Dem populären Werk folgten in endloser Kette die Forschungsberichte westlicher Anthropologen und vergleichender Religionswissenschaftler - gleich theologischen Baedekern führten sie in ferne Mythen, kosmische Symbole von Pazifik-Insulanern oder sumerische Götterkämpfe ein. In den Völkerkundemuseen fanden sich vom indianischen Totempfahl bis zum aztekischen Opfermesser Bruchstücke fremder Religionen wieder, als gälte es zu retten, was wir verloren hatten. C.W. Cerams Weltbestseller Götter, Gräber und Gelehrte erfüllte wenige Jahre nach dem Zweiten Weltkrieg in hundertfacher Auflage die Hoffnungen der Deutschen auf unbesiegte religiöse Restbestände. Das Buch blieb ein beliebtes Konfirmationsgeschenk bis in die sechziger Jahre. Trivialromane über die Halbgötterwelt der Pharaonen raunen noch heute auf Tausenden raschelnden Seiten von den verlorenen Glaubensgewissheiten ägyptischer Prinzessinnen. In den religiösen Erfahrungen außerhalb Europas suchen wir weiter jenes sakrale Erschauern, das viele Menschen in der Eiseskälte der westlichen Zivilisation nicht mehr erfasst.
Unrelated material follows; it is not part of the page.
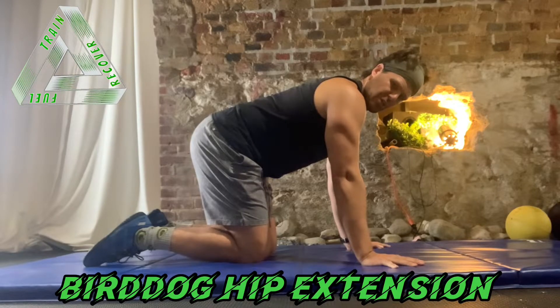Hey guys, this is the bird dog with hip extension. I'll show it to you, then I'll coach you through it.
Die Melancholie der Kardinäle

Jenseits der esoterischen Mystiksehnsüchte ihrer abgefallenen Klientel gehen die christlichen Kirchen in Deutschland treu ihrer angestammten Pflicht nach - der Wahrung moralischer Standards vor den Anfechtungen der Neuzeit. Es waren Rückzugsgefechte in der Gesetzgebung: zum Jugendschutz, zur Abtreibung und jüngst zum modernen Dilemma des Embryonenschutzes angesichts neuer Forschungsmethoden der biogenetischen Medizinwissenschaft. Ihre Diskussionserfahrungen werden die Bischöfe und Kardinäle melancholisch stimmen: Auch die "C"-Parteien haben sich der fortschrittsgebannten Neuzeit angeschlossen.
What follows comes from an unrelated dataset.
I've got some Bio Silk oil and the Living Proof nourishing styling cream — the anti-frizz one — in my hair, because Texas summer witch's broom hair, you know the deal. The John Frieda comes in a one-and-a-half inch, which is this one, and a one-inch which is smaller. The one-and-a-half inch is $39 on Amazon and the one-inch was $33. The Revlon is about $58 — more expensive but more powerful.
Mit dem islamistisch inspirierten Terroranschlag vom 11. September sollte schließlich das ungeklärte Verhältnis von Religion zur Gesellschaft als Gesprächsthema erster Ordnung in Deutschland zurückkehren. Gut gemeinte Versuche der Politiker, die muslimischen Massenmörder von New York und Washington zu "säkularisieren", also abzusehen von ihrer religiös indoktrinierten Motivation, erwiesen sich als unnötig. Ein befürchteter Antiislamismus, der sich gegen mehr als drei Millionen Muslime in Deutschland hätte richten können, brach womöglich auch deshalb nicht aus, weil die Bürger ihrer eigenen Religion mehrheitlich indifferent gegenüberstehen.
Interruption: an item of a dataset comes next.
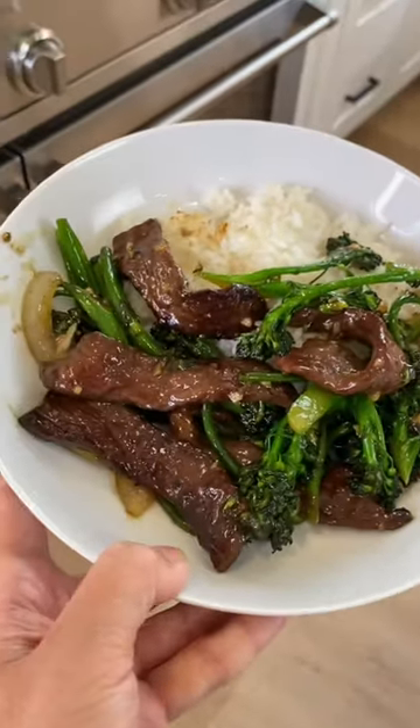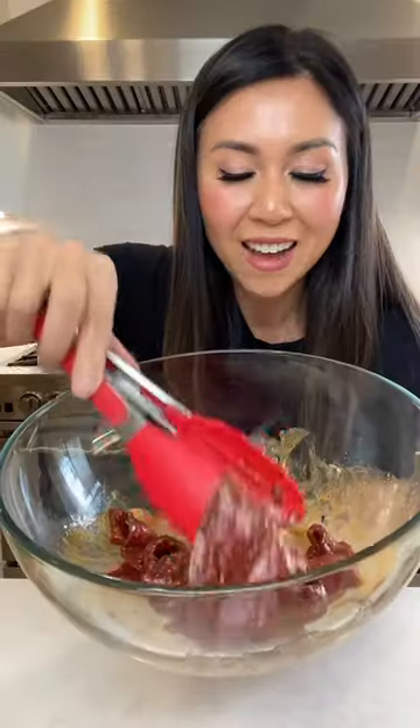I just made this beef and broccoli in this wok. I forgot to hit record when I was marinating my steak, so in here is baking soda to tenderize the steak. There's soy sauce, sesame oil, thick soy sauce to color the steak, and a little rice vinegar and cornstarch.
Nur einer überraschte mit seiner klagenden Zuwendung zu den normativen Leerstellen der säkularisierten Gesellschaft, der Philosoph Jürgen Habermas. Er galt, zu Unrecht, jahrzehntelang als das gute Gewissen intellektueller Transzendenzfeindlichkeit im Lande. Im Gefolge der Attentate entdeckte der Friedenspreisträger dieses Jahres die "post-säkulare Gesellschaft" - ein Stichwort, bei dem sich seine Schüler und Leser die Augen rieben. War es ihm nicht bisher ein Anliegen gewesen, gegen das Monopol der Religion auf unerschütterliche moralische Wahrheiten sein Freiheitsmodell der "diskursiven rationalen Einigungsprozesse", des postmetaphysischen Gesprächs unter Gleichen, zu setzen? Sie hatten ihn womöglich zu flüchtig gelesen. Habermas in einem bereits vor zwei Jahren geführten Gespräch "Über Gott und die Welt": "Das Christentum ist für das normative Selbstverständnis der Moderne ... nicht nur Katalysator gewesen. Der egalitäre Universalismus, aus dem die Ideen von Freiheit und solidarischem Zusammenleben entsprungen sind, ist unmittelbar ein Erbe der jüdischen Gerechtigkeit und der christlichen Liebesethik. In der Substanz unverändert, ist dieses Erbe immer wieder kritisch angeeignet und neu interpretiert worden. Dazu gibt es bis heute keine Alternative." Ehe es eine gibt, so lautet die Weihnachtsbotschaft des Philosophen an die Kirchen, mögen sie ihr "eigenes normatives Potential radikaler ausschöpfen" als bisher. Der 70-Jährige hat sich derweil Thomas von Aquin zugewandt: "Dass es einen solchen Fels in der Brandung zerfließender Religiosität heute nicht mehr gibt, ist eben auch eine Tatsache. In der einebnenden Mediengesellschaft verliert alles seinen Ernst, vielleicht auch das institutionalisierte Christentum selbst?"

Auch dieses Weihnachtsfest wird vorübergehen. Die Pakete sind bald ausgepackt, wer hat uns dieses oder jenes geschenkt? Schon vergessen. "Siehe, das sind die Gottlosen; die sind glücklich in der Welt und werden reich", klagt der 73. Psalm - und findet den Trost in Gott: "Wenn ich nur dich habe, so frage ich nichts nach Himmel und Erde." Die Suche hört nicht auf.